Enrico Mentana dal suo Tg, dopo aver riflettuto sulla clamorosa chiusura del programma di Vittorio Sgarbi passa la parola agli ospiti di Lilli Gruber: Beppe Severgnini e Serena Dandini e “scusate se è poco” conclude. Ed ecco accendersi le luci nello studio di Ottoemezzo dove anche la padrona di casa riprende l’analisi della faccenda girando direttamente la domanda alla Dandini: ” perché uno dei programmi della Rai è stato chiuso”? – “si dice per mancanza di spettatori, risponde l’ospite, ma è un pò troppo, di solito si da il beneficio della seconda volta, anche perché ha una scenografia bellissima che io vorrei riutilizzare, giusto per non sprecarla, forse era un po’ troppo sgarbicentrica”! – In effetti, Sgarbi si è prodotto in un monologo di attacco alle energie pulite, ha fatto da mattatore sperando di bissare e magari superare il record di Roberto Saviano, figuriamoci. Nel programma del noto critico d’arte non si sono ravvisati elementi di spettacolo, non è un talk e nemmeno qualcosa di nuovo, insomma un programma sbagliato dall’inizio oppure semplicemente il tempo dei telepredicatori è finito!
A riassunto fatto e col senno di poi credo che le responsabilità del flop vadano ridistribuite, tra i dirigenti , il conduttore e gli autori; questi ultimi forse dovevano presagire che il tempo delle liti, dei toni alti e dell’irritabilità è al tramonto che Sgarbi non ha per sua natura un ritmo televisivo sostenibile, pur possedendo un patrimonio di conoscenza, non possiede il carisma necessario al mezzo televisivo, che al pubblico risulta antipatico e sprezzante e consegnargli l’incombenza di un one man show è stato arduo. Così il progetto culturale, ammesso che ce ne fosse uno, è andato appannandosi e ora a noi telespetattori ci restano le polemiche, le calunnie, le querele. Forse si è avuto troppa fretta di chiudere, forse si potevano vedere cose interessanti, strutturate diversamente, forse il conduttore non andava sfruttato come il solito saccente provocatore. Ma a me sembra che visto che sovente si accusa il pubblico televisivo di essere tanto insensibile ai richiami della cultura, quanto morbosamente interessato al gossip di ogni genere o ai reality, forse questo tentativo di acculturamento andava proposto in modo diverso, forse questo tentativo di legare televisione e cultura non andava affidato interamente a chi fa cadere dall’alto la propria conoscenza e si propone sempre come uno che da lezioni su ogni argomento.
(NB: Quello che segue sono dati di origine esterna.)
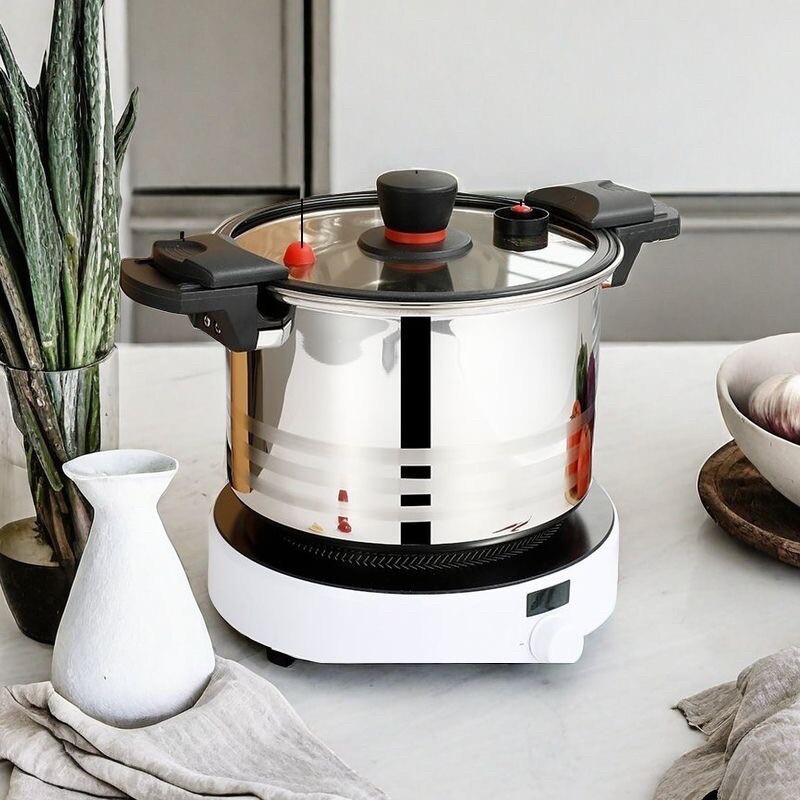 苏泊尔德国防爆微压锅家用304不锈钢压力锅大容量高压锅燃气电a9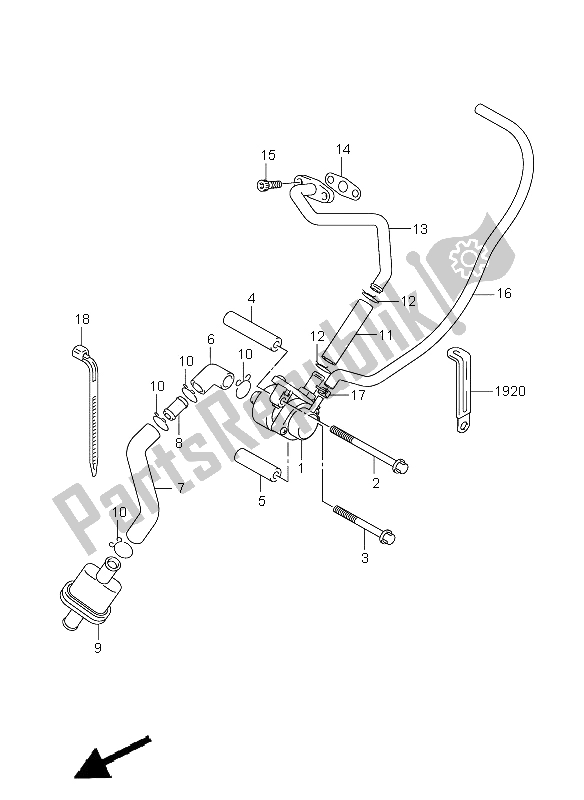 All parts for the 2nd Air of the Suzuki DR Z 400 SM 2008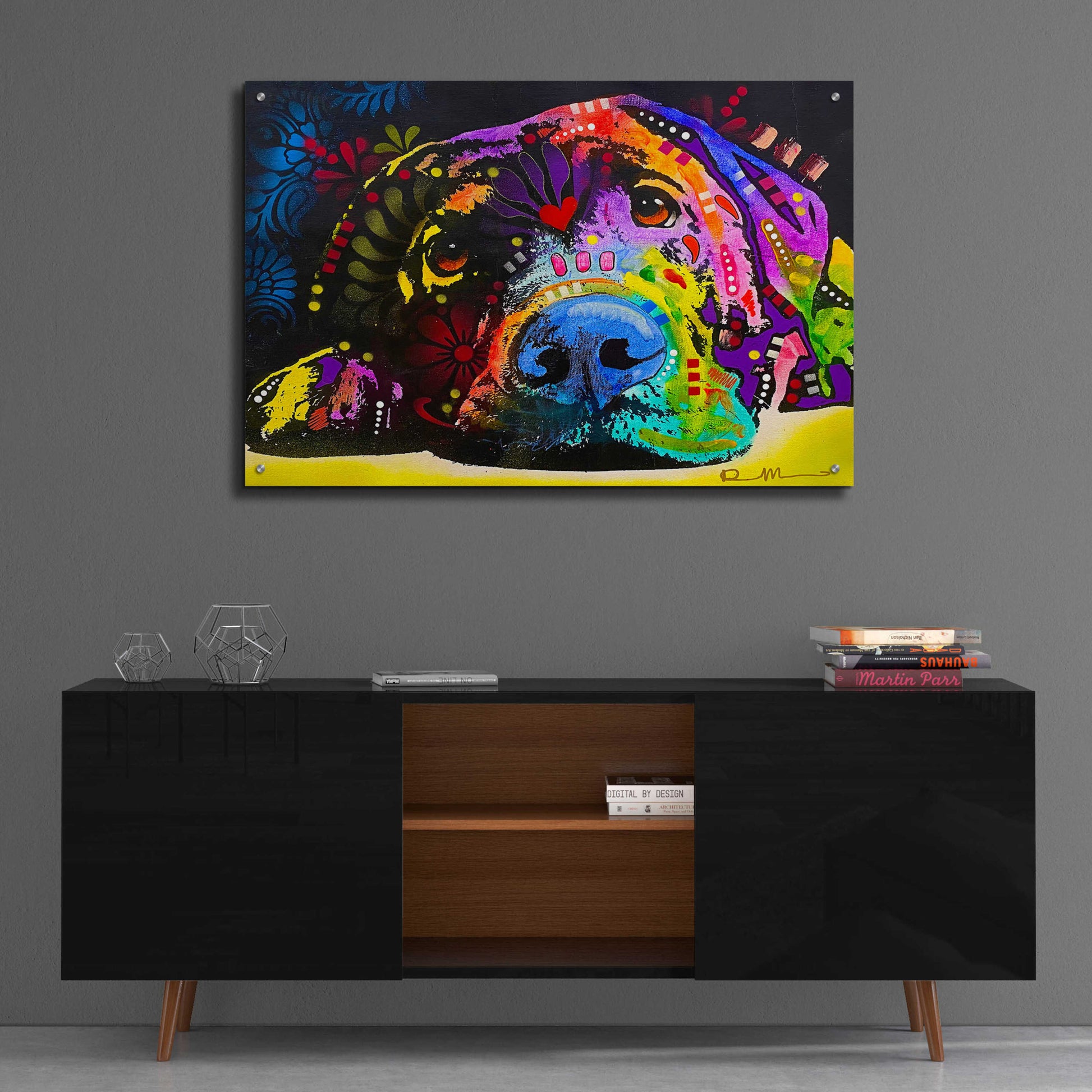 Epic Art 'Lying Lab 2' by Dean Russo, Acrylic Glass Wall Art,36x24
In conclusione il sistema televisivo gioca un ruolo importante per la sua potenzialità comunicativa, a patto che la cultura non sia un patrimonio di conoscenze riservate, come una forma nobile di intrattenimento, a una cerchia di élite, la cultura non può essere per pochi – dev’essere cibo per tutti. È chiaro che a questo punto occorre seguire un’altra via: quella di capire che cosa sia veramente la cultura in televisione.